Study material
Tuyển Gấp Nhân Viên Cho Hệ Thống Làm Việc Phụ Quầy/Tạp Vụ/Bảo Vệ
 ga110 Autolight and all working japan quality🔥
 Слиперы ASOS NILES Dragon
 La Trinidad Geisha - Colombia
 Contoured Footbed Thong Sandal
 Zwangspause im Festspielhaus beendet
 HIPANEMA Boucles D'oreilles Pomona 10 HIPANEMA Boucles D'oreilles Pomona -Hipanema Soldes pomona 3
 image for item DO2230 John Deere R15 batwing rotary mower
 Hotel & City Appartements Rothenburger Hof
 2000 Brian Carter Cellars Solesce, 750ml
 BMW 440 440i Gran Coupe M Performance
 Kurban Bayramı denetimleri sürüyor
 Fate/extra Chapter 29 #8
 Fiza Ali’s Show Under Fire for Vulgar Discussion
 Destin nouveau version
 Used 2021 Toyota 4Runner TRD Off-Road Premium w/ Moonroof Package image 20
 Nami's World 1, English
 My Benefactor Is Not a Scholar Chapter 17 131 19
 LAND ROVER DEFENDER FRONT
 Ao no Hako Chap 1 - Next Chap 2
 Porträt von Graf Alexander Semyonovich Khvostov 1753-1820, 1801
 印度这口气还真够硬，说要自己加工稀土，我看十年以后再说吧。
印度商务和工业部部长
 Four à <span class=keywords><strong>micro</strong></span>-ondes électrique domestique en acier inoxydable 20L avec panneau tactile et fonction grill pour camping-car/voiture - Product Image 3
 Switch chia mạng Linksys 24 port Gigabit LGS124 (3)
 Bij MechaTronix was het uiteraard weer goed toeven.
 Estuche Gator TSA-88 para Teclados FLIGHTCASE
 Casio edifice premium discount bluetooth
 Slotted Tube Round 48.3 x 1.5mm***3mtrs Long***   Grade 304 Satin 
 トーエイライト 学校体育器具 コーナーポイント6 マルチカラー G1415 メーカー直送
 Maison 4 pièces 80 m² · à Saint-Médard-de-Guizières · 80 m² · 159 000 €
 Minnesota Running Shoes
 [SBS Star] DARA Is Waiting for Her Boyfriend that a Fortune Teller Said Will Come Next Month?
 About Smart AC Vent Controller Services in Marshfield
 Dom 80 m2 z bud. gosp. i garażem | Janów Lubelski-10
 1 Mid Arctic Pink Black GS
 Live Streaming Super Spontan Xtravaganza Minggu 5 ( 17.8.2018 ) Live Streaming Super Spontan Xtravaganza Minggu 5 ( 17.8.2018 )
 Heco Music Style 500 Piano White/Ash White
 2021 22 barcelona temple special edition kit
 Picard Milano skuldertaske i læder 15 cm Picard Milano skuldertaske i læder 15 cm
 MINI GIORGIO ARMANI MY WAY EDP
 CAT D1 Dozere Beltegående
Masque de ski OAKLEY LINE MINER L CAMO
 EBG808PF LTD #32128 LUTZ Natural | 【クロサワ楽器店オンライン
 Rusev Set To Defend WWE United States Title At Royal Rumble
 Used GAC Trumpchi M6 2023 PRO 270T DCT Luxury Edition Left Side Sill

What is required
From the listing above, collect every line that mentions the word "Chapter".

Result for this task
 Fate/extra Chapter 29 #8
 My Benefactor Is Not a Scholar Chapter 17 131 19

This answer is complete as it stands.